Records for this task:
◇ ◇ ◇ ◇ ◇ ◇ ◇

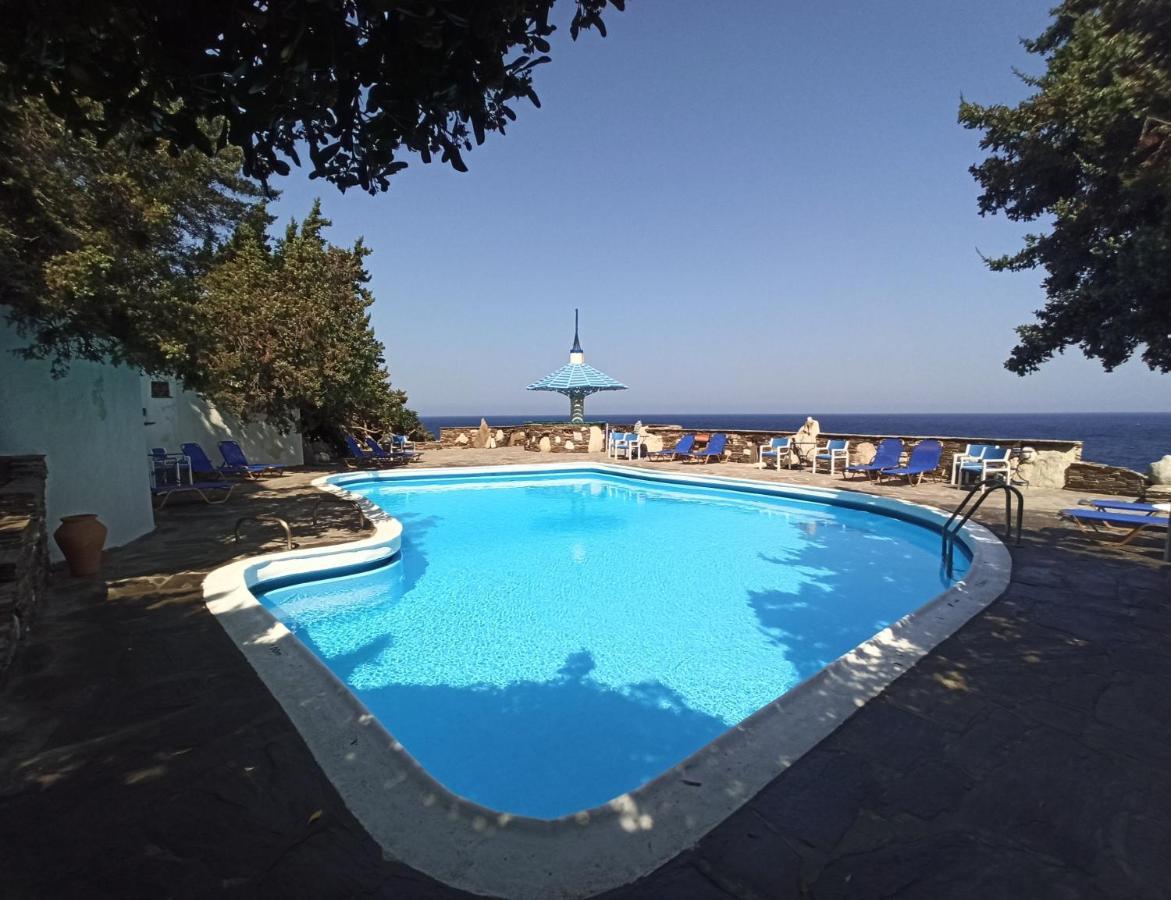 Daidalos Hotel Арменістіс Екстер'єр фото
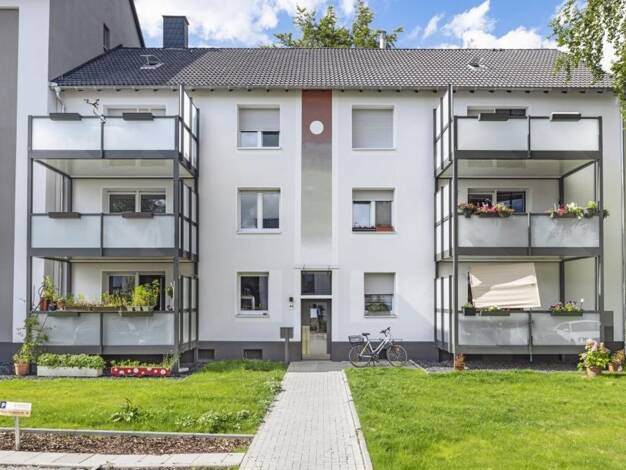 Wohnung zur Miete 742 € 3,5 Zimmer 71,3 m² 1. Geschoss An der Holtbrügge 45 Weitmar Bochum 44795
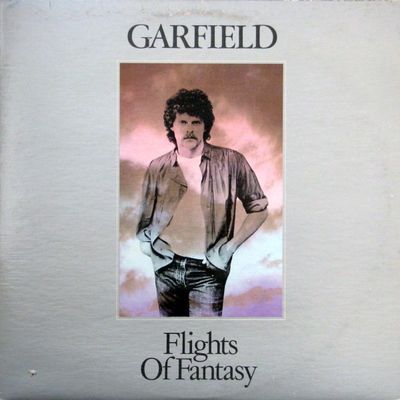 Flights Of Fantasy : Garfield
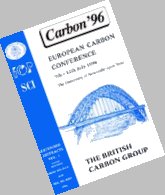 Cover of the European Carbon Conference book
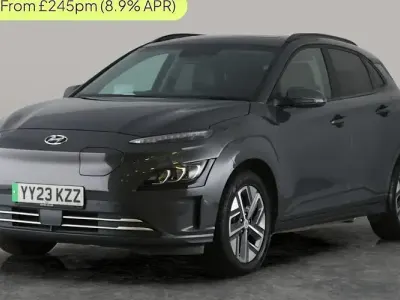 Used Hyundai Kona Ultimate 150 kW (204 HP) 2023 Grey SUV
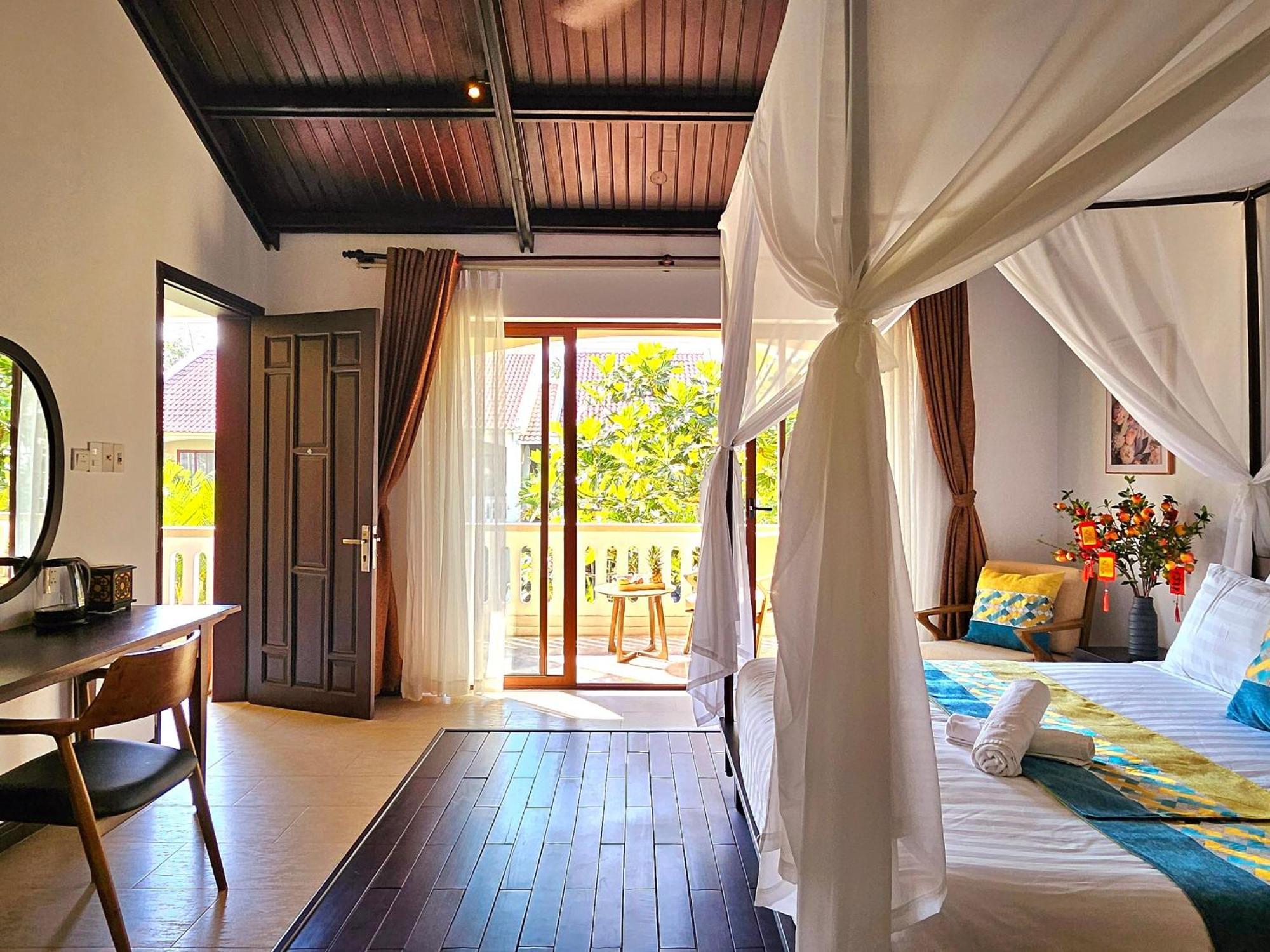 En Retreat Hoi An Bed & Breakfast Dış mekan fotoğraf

◇ ◇ ◇ ◇ ◇ ◇ ◇

Reproduce the data above exactly, leaving each picture out.

Task response:
 Daidalos Hotel Арменістіс Екстер'єр фото
 Wohnung zur Miete 742 € 3,5 Zimmer 71,3 m² 1. Geschoss An der Holtbrügge 45 Weitmar Bochum 44795
 Flights Of Fantasy : Garfield
 Cover of the European Carbon Conference book
 Used Hyundai Kona Ultimate 150 kW (204 HP) 2023 Grey SUV
 En Retreat Hoi An Bed & Breakfast Dış mekan fotoğraf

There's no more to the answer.